Spaeth: What is the rationale behind your new cooperation with United Airlines, a carrier that used to advocate against Emirates? 

Clark: Some of the carriers that used to oppose us, like Air Canada (ADH2) and United, have now come to us and said: “There is no point hunting you; we must deal with you.”  

I said to them: “we told you so when we were in the midst of Congressional hearings in Washington DC. It makes far more sense to work with us than what you are doing.”  

Someone saw the light and realized what we could bring to their bottom line, significant improvements by the virtue of what we do, without hurting them in their markets after all. They came to us, and we always aspired to have a good US partner. This is mutually beneficial to both carriers, without us entering Star Alliance. We are willing to do business with anybody, irrespective of which alliance affiliation they have. 

Spaeth: What about a Lufthansa (LHAB) (LHA) code share? 

Clark: I wish we had some, I would like to do a few code shares. There are areas where Lufthansa (LHAB) (LHA) doesn’t fly to, not least of which is Australia. There are holes in Lufthansa’s (LHAB) (LHA) network. I think it would work if we could come to some kind of agreement without being overly complex. The fact that many of the founding members of Star Alliance have joined us was probably a difficult pill to swallow in Frankfurt.  

What about a code share with Lufthansa (LHAB) (LHA) from Berlin to Dubai? But Lufthansa (LHAB) (LHA) and their partners from Star Alliance were always introducing layers of complexity that made it almost impossible to activate the model.

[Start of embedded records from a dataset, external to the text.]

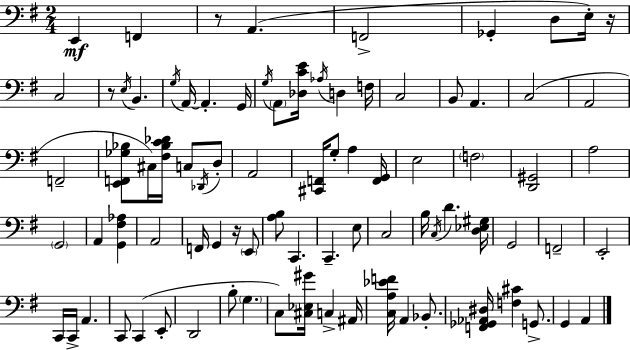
{
  \clef bass
  \numericTimeSignature
  \time 2/4
  \key g \major
  e,4\mf f,4 | r8 a,4.( | f,2-> | ges,4-. d8 e16-.) r16 | \break c2 | r8 \acciaccatura { e16 } b,4. | \acciaccatura { g16 } a,16~~ a,4.-. | g,16 \acciaccatura { g16 } \parenthesize a,8 <des c' e'>16 \acciaccatura { aes16 } d4 | \break f16 c2 | b,8 a,4. | c2( | a,2 | \break f,2-- | <e, f, ges bes>8 cis16) <fis bes c' des'>16 | c8 \acciaccatura { des,16 } d8-. a,2 | <cis, f,>16 g8-. | \break a4 <f, g,>16 e2 | \parenthesize f2 | <d, gis,>2 | a2 | \break \parenthesize g,2 | a,4 | <g, fis aes>4 a,2 | f,16 g,4 | \break r16 \parenthesize e,8 <a b>8 c,4. | c,4.-- | e8 c2 | b16 \acciaccatura { c16 } d'4. | \break <d ees gis>16 g,2 | f,2-- | e,2-. | c,16 c,16-> | \break a,4. c,8 | c,4( e,8-. d,2 | b8-. | \parenthesize g4. c8) | \break <cis ees gis'>16 c4-> ais,16 <c a ees' f'>16 a,4 | bes,8.-. <f, ges, aes, dis>16 <f cis'>4 | g,8.-> g,4 | a,4 \bar "|."
}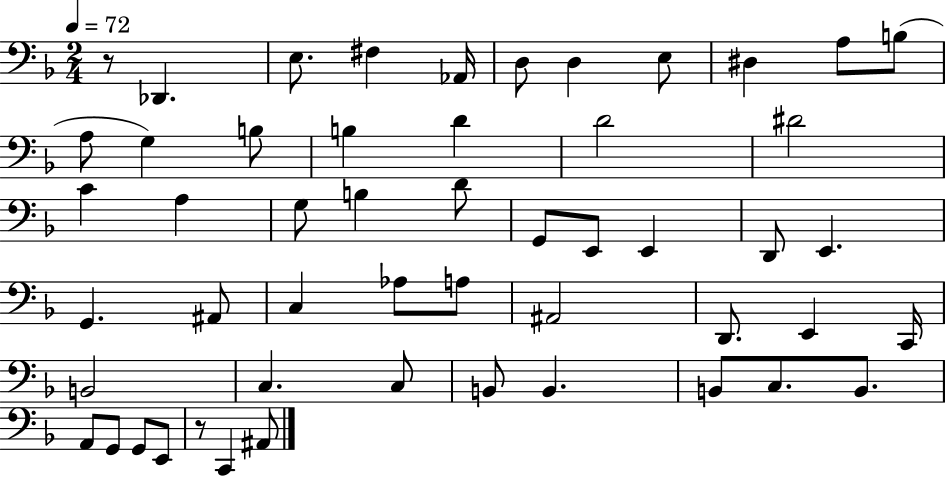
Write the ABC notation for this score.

X:1
T:Untitled
M:2/4
L:1/4
K:F
z/2 _D,, E,/2 ^F, _A,,/4 D,/2 D, E,/2 ^D, A,/2 B,/2 A,/2 G, B,/2 B, D D2 ^D2 C A, G,/2 B, D/2 G,,/2 E,,/2 E,, D,,/2 E,, G,, ^A,,/2 C, _A,/2 A,/2 ^A,,2 D,,/2 E,, C,,/4 B,,2 C, C,/2 B,,/2 B,, B,,/2 C,/2 B,,/2 A,,/2 G,,/2 G,,/2 E,,/2 z/2 C,, ^A,,/2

If they were less demanding we could simply come to an arrangement, bringing value to them and us on a reciprocal basis. Why wouldn’t you do that? It would bring a Lufthansa (LHAB) (LHA) code on the Emirates flight, which is hugely popular in Germany, to multiple points beyond Dubai and to Dubai itself. When Lufthansa CEO Carsten Spohr was working for his pre-predecessor, Wolfgang Mayrhuber, we did explore multiple arrangements, but somehow, they lost interest in that. 

Spaeth: You just turned 73 in November. What about your personal plans? 

Clark: I did not want to leave the business in a mess having spent my life building what it has become. We just had the best half-year in the history of the airline, and we are on the path to the best year in profitability that Emirates ever had.  

But for myself? I don’t know. We will see. When the timing is right and I think the airline is in good shape, once I am satisfied and the team is ready to take it forward, then they don’t need me. The people there have been in a very good stable [here, Clark is referring to the fact that he has guided his team and, effectively, they have come out of his “stable” where they were taught a lot – ed. note] and they’ve learnt the hard way.  

As long as we’ve got that belief in what we can do, how we are going to perform in the next 20 years, then that’s good enough for me.